Sabtu, 12 Maret 2016

Penerapan Yurisdiksi Teritorial terhadap Pengungsi Internasional (Refugee) yang Melakukan Tindak Pidana di dalam Yurisdiksi State/ Host Countries Berkaitan dengan Pertahanan Kedaulatan


Penerapan Yurisdiksi Teritorial terhadap Pengungsi Internasional (Refugee) yang Melakukan Tindak Pidana di dalam Yurisdiksi State/ Host Countries
Berkaitan dengan Pertahanan Kedaulatan
 Oleh: Meika Arista

Pendahuluan
Konflik berkepanjangan yang terjadi di negara-negara Timur Tengah telah membawa dampak yang sangat luas, khususnya bagi para penduduk sipil yang langsung terkena dampak nyata di wilayah konflik. Dalam penanganan korban perang dan warga sipil yang memerlukan perlindungan dan keamanan, seluruh negara di dunia secara tidak langsung wajib membantu dan memberikan pertolongan pada seluruh korban dalam konflik ini. Tentunya, konflik ini menarik perhatian dunia internasional. Konflik bermula ketika Israel dan Palestina memperebutkan tanah kekuasaan yang diklaim milik leluhur kedua belah negara ini menimbulkan berbagai permasalahan internasional.
Berubahnya konflik yang semula hanya antara kedua negara saat ini telah berkembang dengan adanya dampak warga sipil yang memilih untuk keluar dari daerah konflik untuk menyelamatkan jiwa dan keluarga. Sebagian besar pengungsi memilih untuk keluar dari wilayah negaranya untuk menyelamatkan diri, tentunya para pengungsi ini memasuki wilyah negara lain baik untuk sementara waktu maupun menetap. Kedatangan para pengungsi korban konflik ini tidak hanya memberikan dampak baik terhadap kondisi yang ada yang diperoleh dari segi keamanan mereka, melainkan adanya hukum Internasional yang mewajibkan setiap negara lain untuk tidak menolak kedatangan mereka yaitu prinsip yang berasal dari International Customary Law, Principle of Non Refoulment: “No Rejection in the border”[1], juga dapat mengesampingkan hak pada negara yang didatangi (State/Host Country) terhadap keamanan kedaulatannya. Bagaimanakah bila para pengungsi yang masuk ke dalam negara lain melakukan tindak pidana di dalam State/Host Country, apakah State/Host Country berhak untuk mengadili mereka? Hal ini yang kemudian akan dibahas oleh penulis yaitu mengenai “Penerapan Yurisdiksi Teritorial terhadap Pengungsi Internasional (Refugee) yang Melakukan Tindak Pidana di dalam Yurisdiksi State/ Host Countries Berkaitan dengan Pertahanan Kedaulatan.”
Rumusan Masalah
1.      Bagaimanakah penegakan Yurisdiksi Teritorial menurut Hukum Internasional?

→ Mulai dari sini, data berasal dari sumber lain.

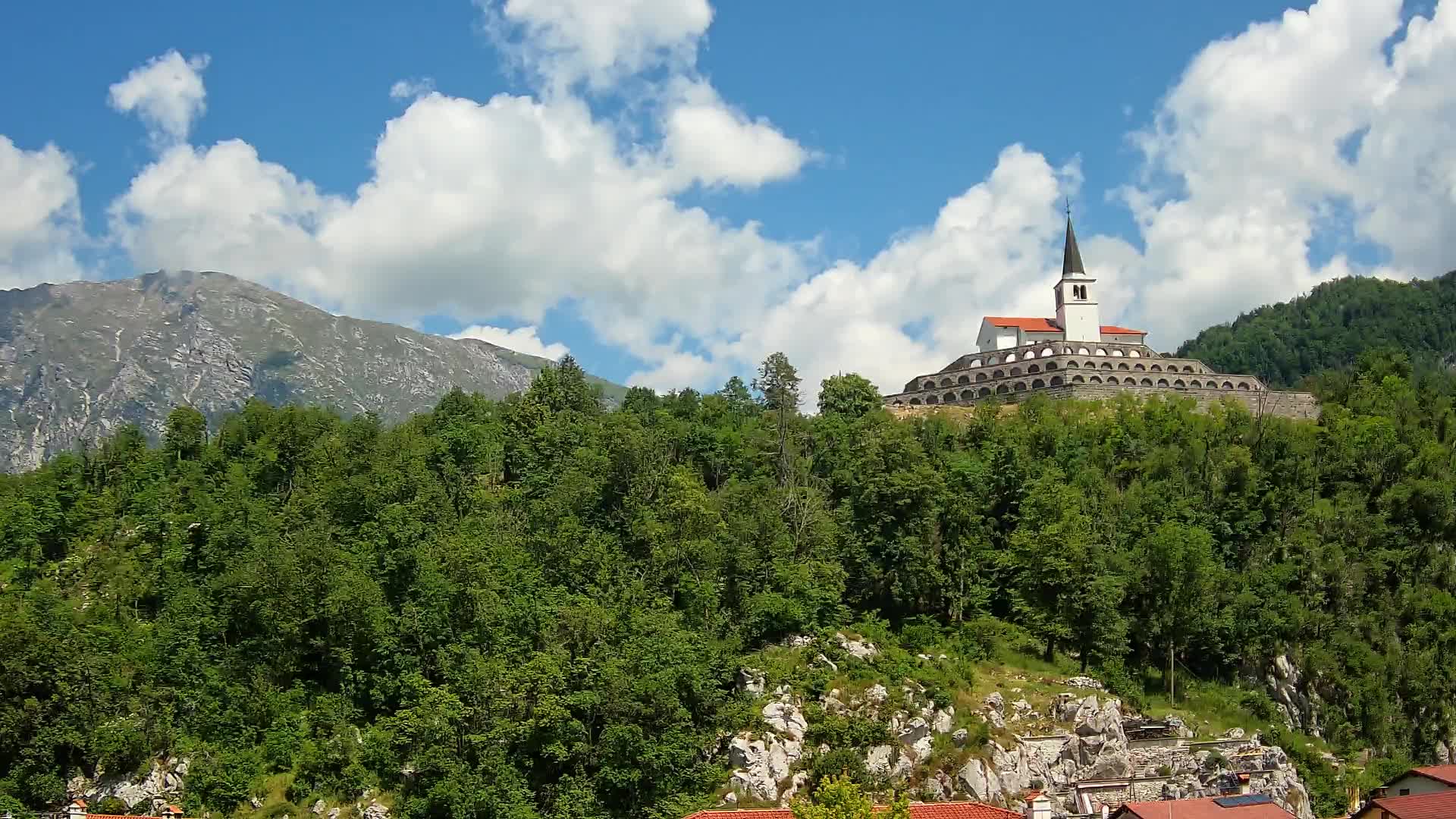 Kobarid Spletna kmera – Pogled na kostnico iz 1. svetovne vojne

2.      Apakah yang dimaksud dengan Pengungsi Internasional dan bagaimana kewajiban negara yang didatangi (State/Host Countries)?
3.      Dapatkah State/Host Countries mengadili Pengungsi Internasional yang berada di wilayah yurisdiksinya yaitu berkaitan dengan permasalahan mempertahankan kedaulatannya?
Pembahasan
A.    Penegakan Yurisdiksi Teritorial dalam Hukum Internasional
Kata yurisdiksi (jurisdiction) berasal dari kata yurisdictio. Kata yurisdictio berasal dari dua kata yaitu kata yuris dan dictio. Yuris berarti kepunyaan hukum atau kepunyaan menurut hukum. Adapun dictio berarti ucapan, sabda atau sebutan. Dengan demikian dilihat dari asal katanya nampak bahwa yurisdiksi berkaitan dengan masalah hukum atau kewenangan menurut hukum.[2]

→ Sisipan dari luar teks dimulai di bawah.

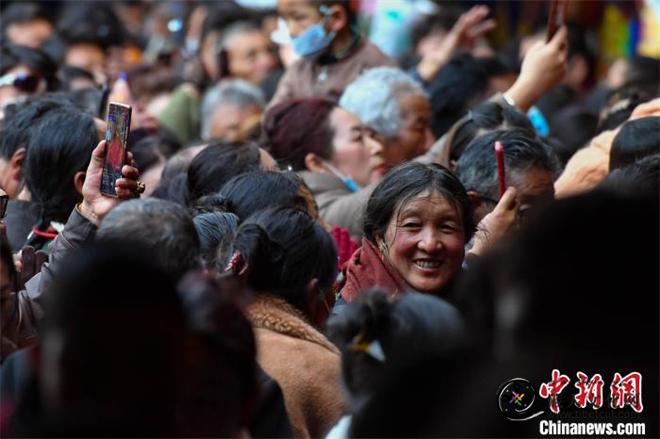 西藏迎来一年一度传统民俗节日“仙女节”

Imre Anthony Csabafi dalam bukunya The Consept of State Yurisdiction in International Space Law mengemukakan bahwa yurisdiksi negara dalam hukum internasional publik berarti hak dari suatu negara untuk mengatur atau mempengaruhi dengan langkah-langkah atau tindakan yang bersifat legislatif, eksekutif, maupun yudikatif atas hak-hak individu, milik atau harta kekayaannya, perilaku-perilaku atau peristiwa-peristiwayang tidak semata-mata merupakan masalah dalam negeri.[3]

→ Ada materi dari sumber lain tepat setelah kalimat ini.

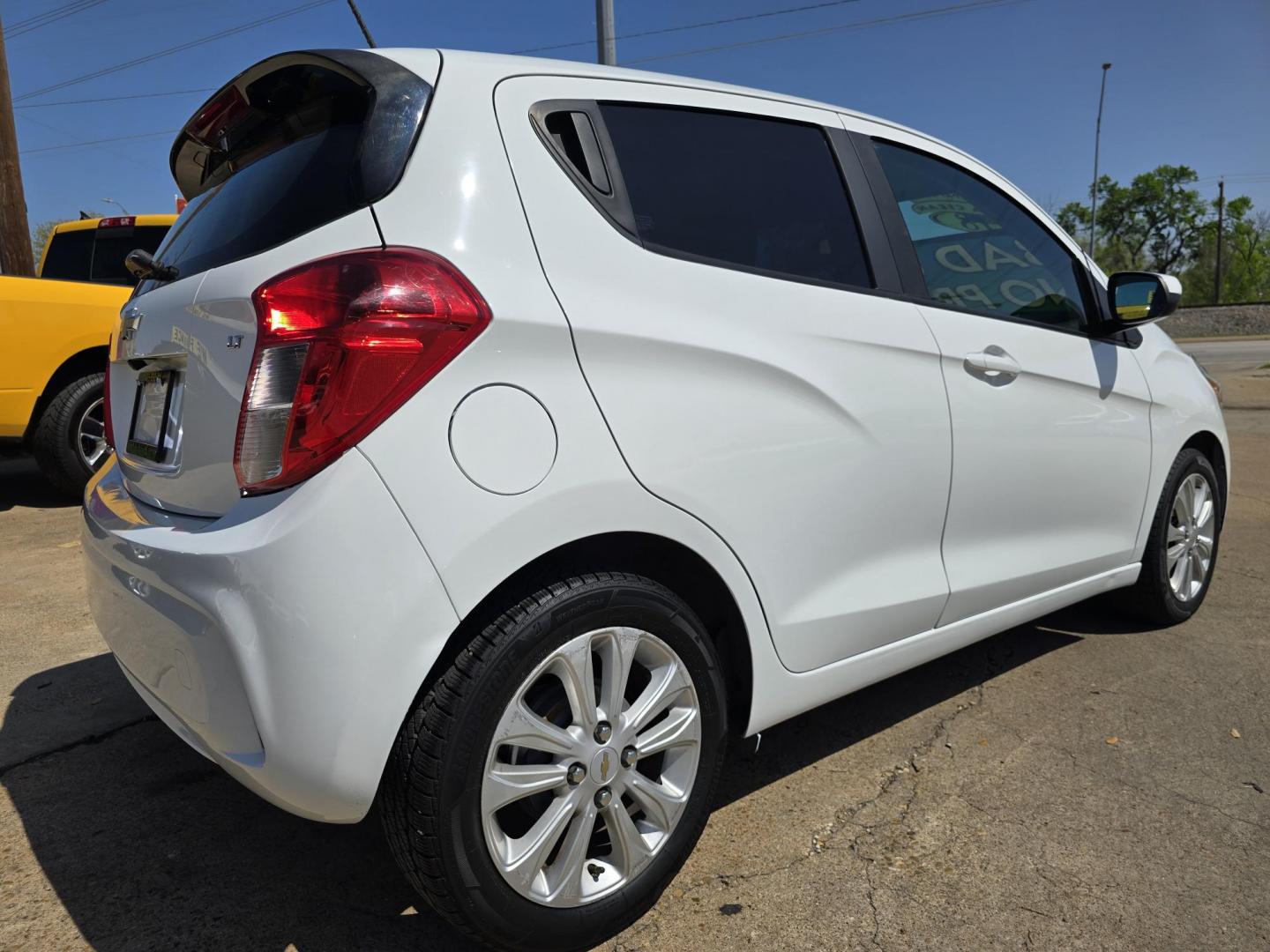 2018 WHITE Chevrolet Spark LT (KL8CD6SA6JC) with an 1.4L L4 16V DOHC engine, CVT transmission, located at 2660 S.Garland Avenue, Garland, TX, 75041, (469) 298-3118, 32.885387, -96.656776 - Photo#3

Berdasarkan pengertian yurisdiksi di atas, maka dapat disimpulkan bahwa yurisdiksi adalah kewenangan mengadili suatu negara terhadap peristiwa-peristiwa yang terjadi di dalam negaranya. Dalam kasus ini, permasalahannya adalah mengenai siapa dan sedang dalam keadaan apa subyek yang akan diadili, yaitu subyeknya adalah pengungsi internasional atau refugee dan keadaannya adalah keadaan force mejour atau keadaan yang memaksa mereka untuk pergi dari daerah konflik dan masuk pada wilayah negara lain untuk berlindung.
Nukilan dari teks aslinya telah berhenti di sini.